Posted on 06/25/2003 10:49:06 PM PDT by chance33_98

‘Peeping Tom’ legislation moves forward

Window-peepers could be classified as sex criminals

The Post-Crescent

MADISON — “Peeping Toms” would face new penalties — and the possibility of being classified as sex criminals — under legislation approved Tuesday by the Wisconsin Assembly.

The legislation would make window-peeping a separate crime in the state. Under current law, window peepers are usually charged with disorderly conduct because there is no specific crime on the books.

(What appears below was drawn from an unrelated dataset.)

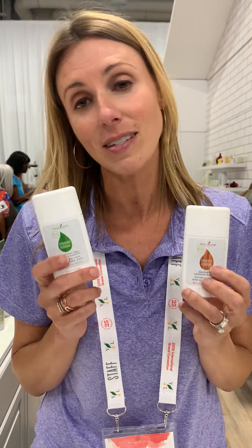These are really incredible because we did a human clinical trial on these and they are clinically shown to inhibit the growth of odor-causing bacteria as well as maintain a balanced skin microbiome.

The bill was pushed by its Fox Valley sponsors in part because of the 2002 arrest of Todd Meverden, a Town of Neenah man who since has been sentenced to 120 years for a string of sexual assaults in Winnebago and Calumet counties.

Meverden, who also is charged in Outagamie County, had told investigators his first crimes involved peeping into women’s homes.

“Local law enforcement had asked us to help them with putting some teeth into the law for window peepers,” said state Rep. Becky Weber, R-Green Bay, a cosponsor of the bill. “What we passed is going to give local law enforcement the ability to track and identify Peeping Toms. What it also does is it enhances the court’s options of providing counseling or rehabilitation in their sentencing.”

The bill also gives judges the option of classifying window-peeping as a sex crime, which would make those guilty register as sex offenders with the state. The new crime would carry penalties of up to nine months in jail and a $10,000 fine.

The legislation has been pushed by law enforcement officers, and one of Meverden’s victims testified for the change at a legislative hearing this year.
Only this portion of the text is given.